- _TASK_: Copying starts at the line containing "Biyometrik doğrulama - kadın" and stops after the last line of the records; each line is repeated exactly, and pictures are skipped.

(Short descriptive text snippets)
***
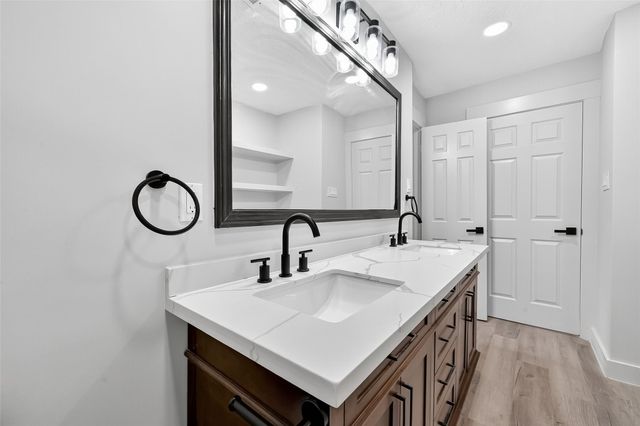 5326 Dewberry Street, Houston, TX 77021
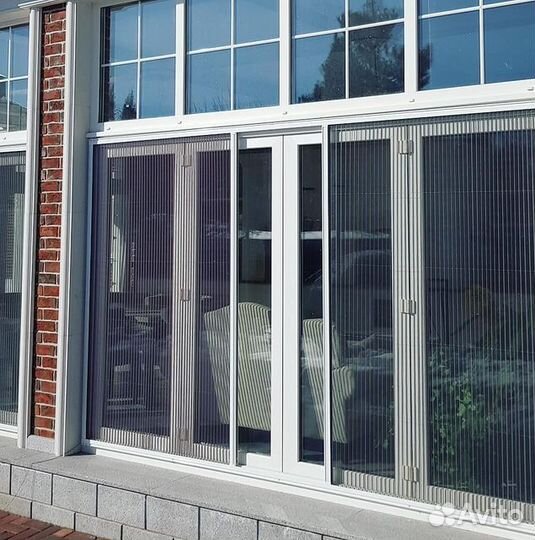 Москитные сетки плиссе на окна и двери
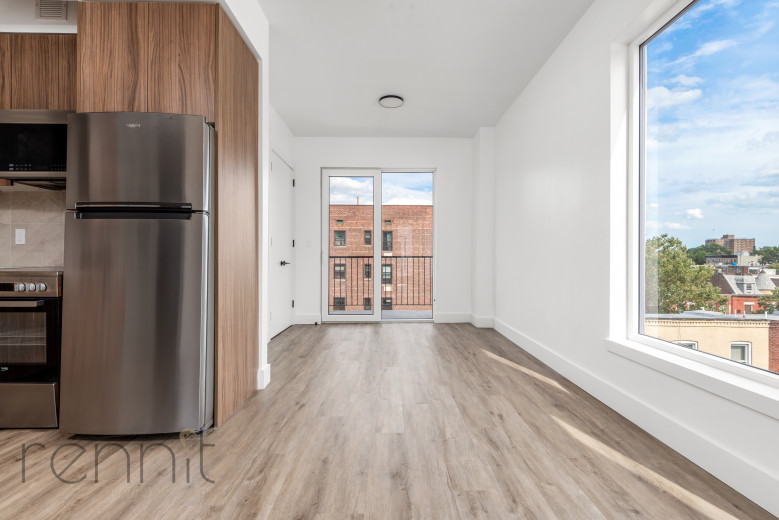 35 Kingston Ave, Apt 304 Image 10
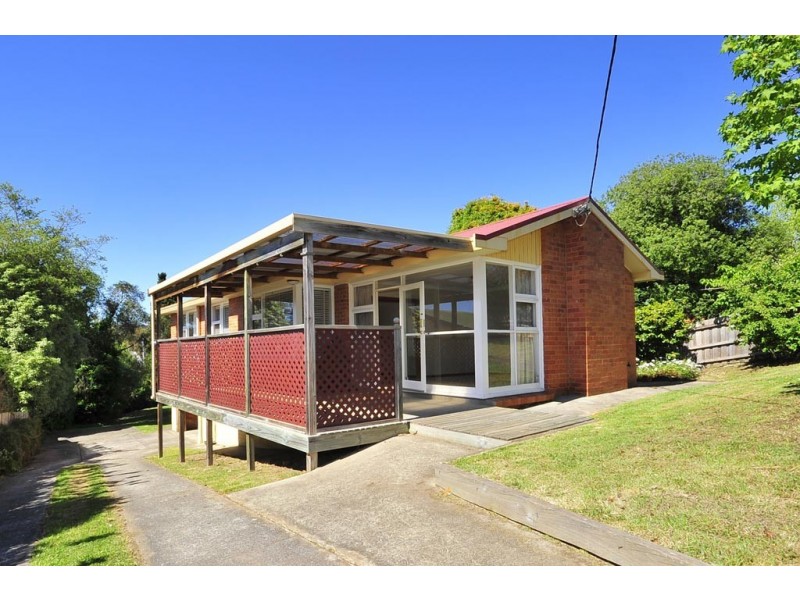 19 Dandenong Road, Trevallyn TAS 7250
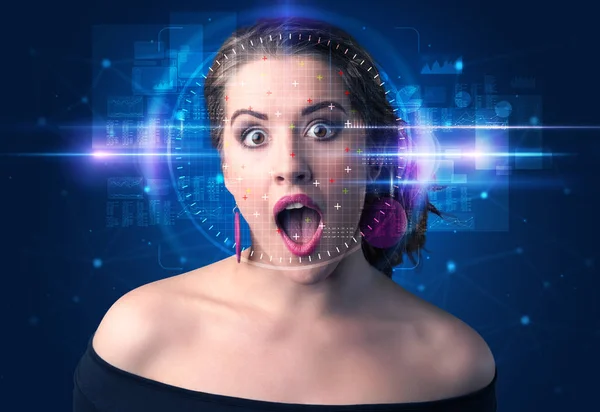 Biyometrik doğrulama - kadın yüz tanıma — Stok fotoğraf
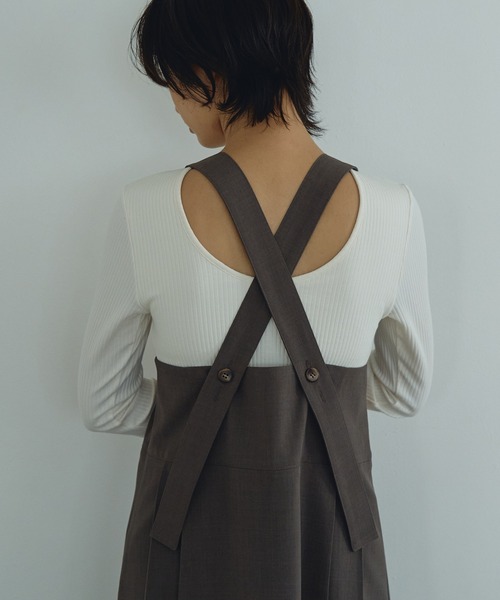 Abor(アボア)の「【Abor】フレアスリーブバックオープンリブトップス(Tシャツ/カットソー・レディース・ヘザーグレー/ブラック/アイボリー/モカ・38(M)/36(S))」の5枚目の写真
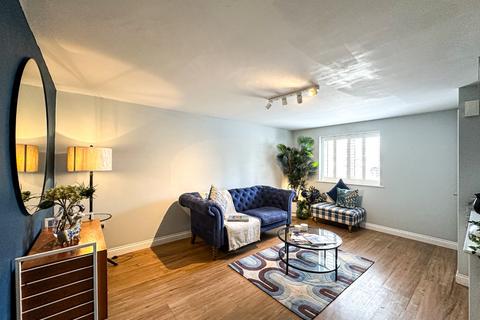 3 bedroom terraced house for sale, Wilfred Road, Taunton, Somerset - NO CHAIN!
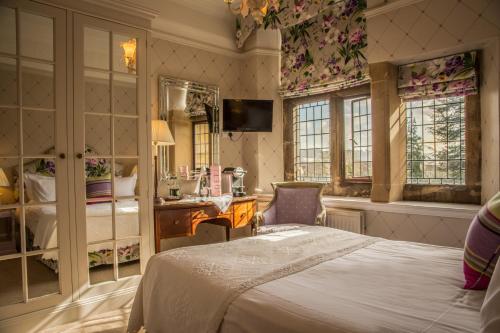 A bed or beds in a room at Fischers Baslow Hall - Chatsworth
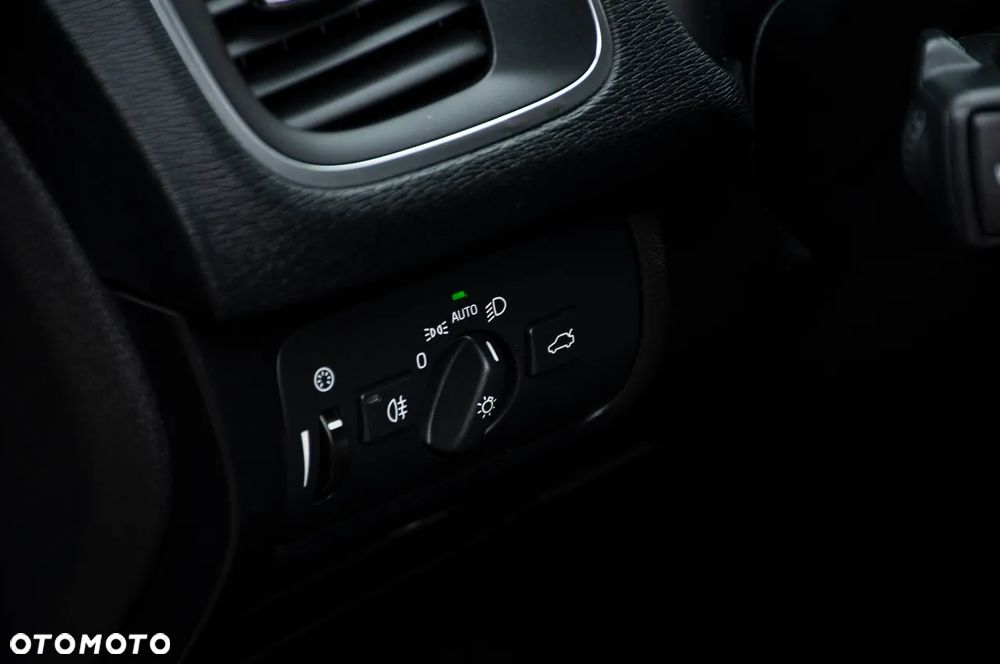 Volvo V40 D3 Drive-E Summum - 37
***
- _ANSWER SPACE_:
 Biyometrik doğrulama - kadın yüz tanıma — Stok fotoğraf
 Abor(アボア)の「【Abor】フレアスリーブバックオープンリブトップス(Tシャツ/カットソー・レディース・ヘザーグレー/ブラック/アイボリー/モカ・38(M)/36(S))」の5枚目の写真
 3 bedroom terraced house for sale, Wilfred Road, Taunton, Somerset - NO CHAIN!
 A bed or beds in a room at Fischers Baslow Hall - Chatsworth
 Volvo V40 D3 Drive-E Summum - 37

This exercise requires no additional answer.